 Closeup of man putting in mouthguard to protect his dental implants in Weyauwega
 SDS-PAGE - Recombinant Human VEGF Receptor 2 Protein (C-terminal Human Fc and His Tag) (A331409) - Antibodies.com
==
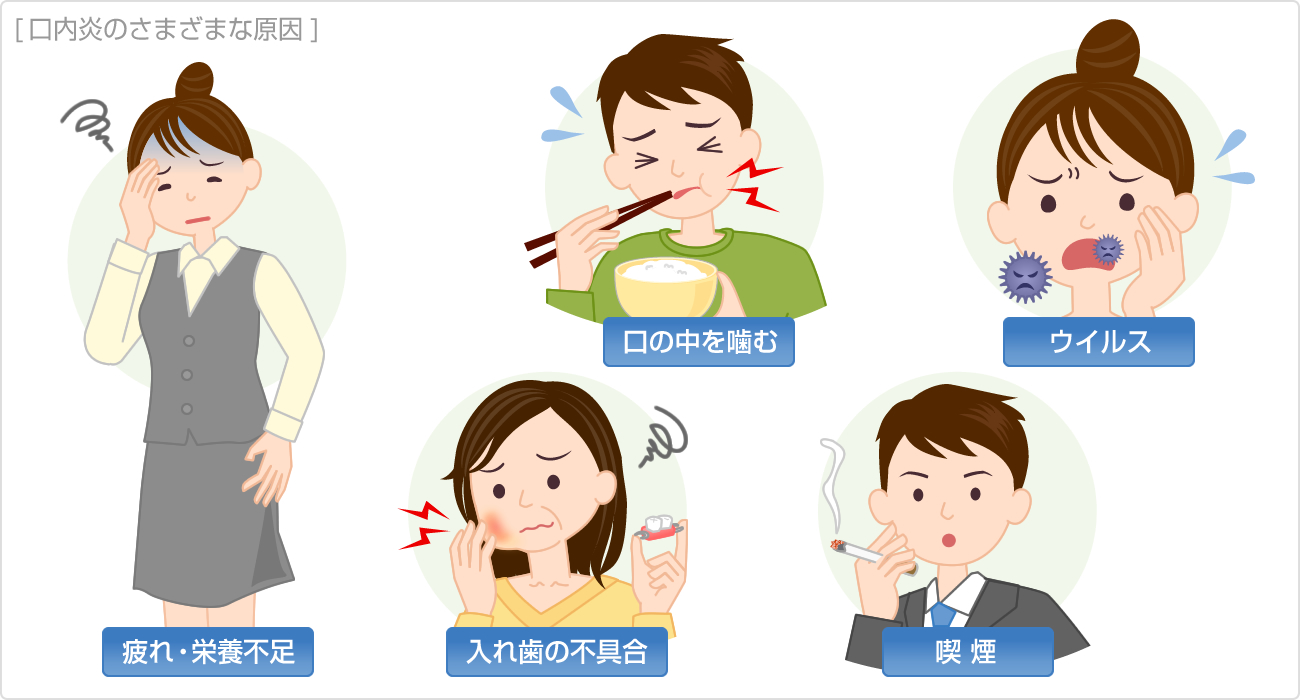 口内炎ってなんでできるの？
--
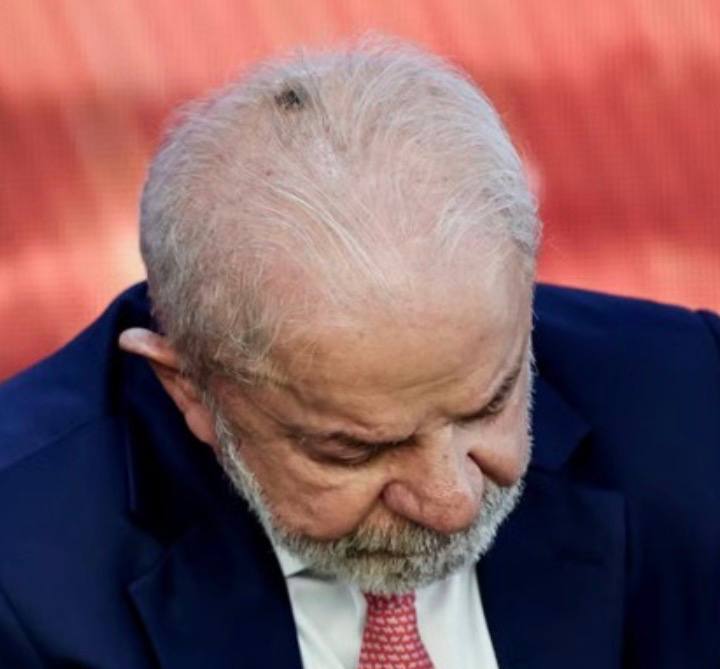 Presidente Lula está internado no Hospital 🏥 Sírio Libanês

Problem to work on
Within the material above, the line with "Closeup of man" opens the range and the line with "SDS-PAGE - Recombinant" closes it; reproduce that range word for word.

Task response
 Closeup of man putting in mouthguard to protect his dental implants in Weyauwega
 SDS-PAGE - Recombinant Human VEGF Receptor 2 Protein (C-terminal Human Fc and His Tag) (A331409) - Antibodies.com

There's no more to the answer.